_Task objective_
Could you reproduce, exactly as written, every line from the one containing "Zlatý papír textura" through the last line of the records, and nothing else?

○ ○ ○ ○

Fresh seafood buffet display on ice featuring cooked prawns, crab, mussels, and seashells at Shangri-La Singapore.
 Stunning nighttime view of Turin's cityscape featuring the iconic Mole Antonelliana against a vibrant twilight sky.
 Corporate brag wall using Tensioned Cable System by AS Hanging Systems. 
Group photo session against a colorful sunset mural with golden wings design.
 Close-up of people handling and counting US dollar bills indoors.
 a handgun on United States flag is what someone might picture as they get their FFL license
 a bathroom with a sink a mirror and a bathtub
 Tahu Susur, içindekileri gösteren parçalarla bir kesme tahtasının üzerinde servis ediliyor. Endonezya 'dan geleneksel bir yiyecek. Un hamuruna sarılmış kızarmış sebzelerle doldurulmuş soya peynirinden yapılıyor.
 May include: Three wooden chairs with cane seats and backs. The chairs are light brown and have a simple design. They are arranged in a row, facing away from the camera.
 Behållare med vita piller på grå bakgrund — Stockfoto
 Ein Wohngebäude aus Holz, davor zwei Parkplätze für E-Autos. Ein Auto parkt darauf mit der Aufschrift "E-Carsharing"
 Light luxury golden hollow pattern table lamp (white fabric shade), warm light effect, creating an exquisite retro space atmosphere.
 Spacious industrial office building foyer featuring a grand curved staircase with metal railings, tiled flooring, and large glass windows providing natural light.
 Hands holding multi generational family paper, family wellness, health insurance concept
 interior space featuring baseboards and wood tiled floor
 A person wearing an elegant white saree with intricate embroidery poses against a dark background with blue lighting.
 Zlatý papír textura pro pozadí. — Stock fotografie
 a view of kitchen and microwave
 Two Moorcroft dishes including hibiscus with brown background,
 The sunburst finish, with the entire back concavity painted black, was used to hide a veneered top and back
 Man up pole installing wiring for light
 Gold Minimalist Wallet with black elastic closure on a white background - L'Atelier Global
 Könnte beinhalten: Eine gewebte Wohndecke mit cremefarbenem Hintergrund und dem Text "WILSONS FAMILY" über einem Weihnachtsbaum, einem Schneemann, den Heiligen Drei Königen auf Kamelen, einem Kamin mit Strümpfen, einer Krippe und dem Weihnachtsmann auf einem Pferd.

○ ○ ○ ○

_Exercise solution_
 Zlatý papír textura pro pozadí. — Stock fotografie
 a view of kitchen and microwave
 Two Moorcroft dishes including hibiscus with brown background,
 The sunburst finish, with the entire back concavity painted black, was used to hide a veneered top and back
 Man up pole installing wiring for light
 Gold Minimalist Wallet with black elastic closure on a white background - L'Atelier Global
 Könnte beinhalten: Eine gewebte Wohndecke mit cremefarbenem Hintergrund und dem Text "WILSONS FAMILY" über einem Weihnachtsbaum, einem Schneemann, den Heiligen Drei Königen auf Kamelen, einem Kamin mit Strümpfen, einer Krippe und dem Weihnachtsmann auf einem Pferd.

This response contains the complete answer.